▶ **Exercise details**:
Each line of the material should be set down exactly. Pictures are not part of the copy.

▶ **Given material**:
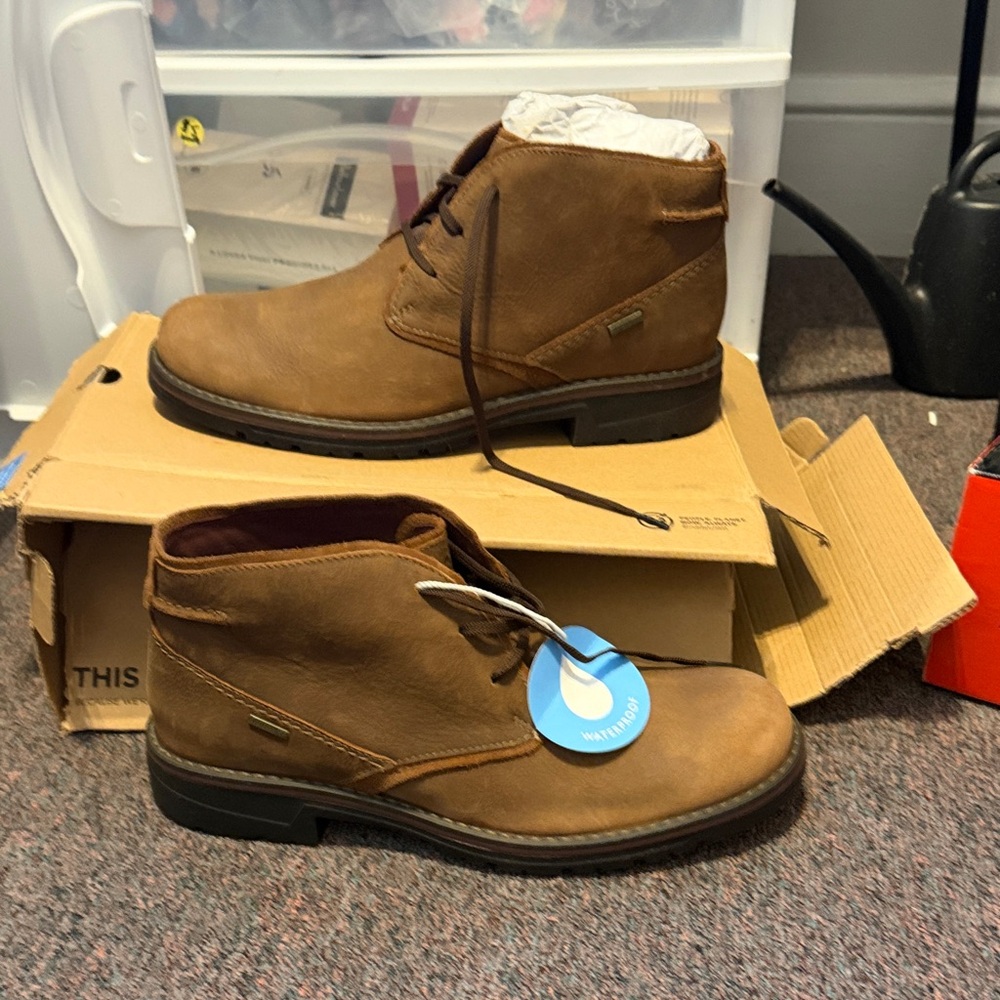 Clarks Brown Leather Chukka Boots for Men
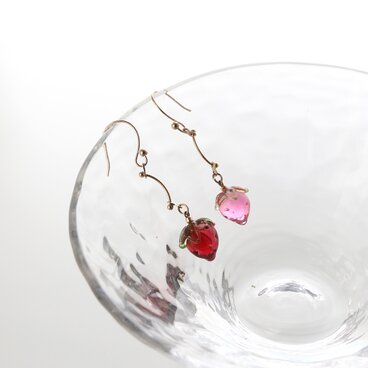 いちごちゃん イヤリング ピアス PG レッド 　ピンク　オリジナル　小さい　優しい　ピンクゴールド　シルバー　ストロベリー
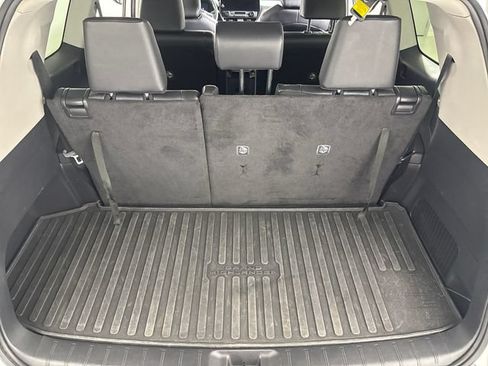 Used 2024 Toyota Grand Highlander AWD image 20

▶ **Answer to this exercise**:
 Clarks Brown Leather Chukka Boots for Men
 いちごちゃん イヤリング ピアス PG レッド 　ピンク　オリジナル　小さい　優しい　ピンクゴールド　シルバー　ストロベリー
 Used 2024 Toyota Grand Highlander AWD image 20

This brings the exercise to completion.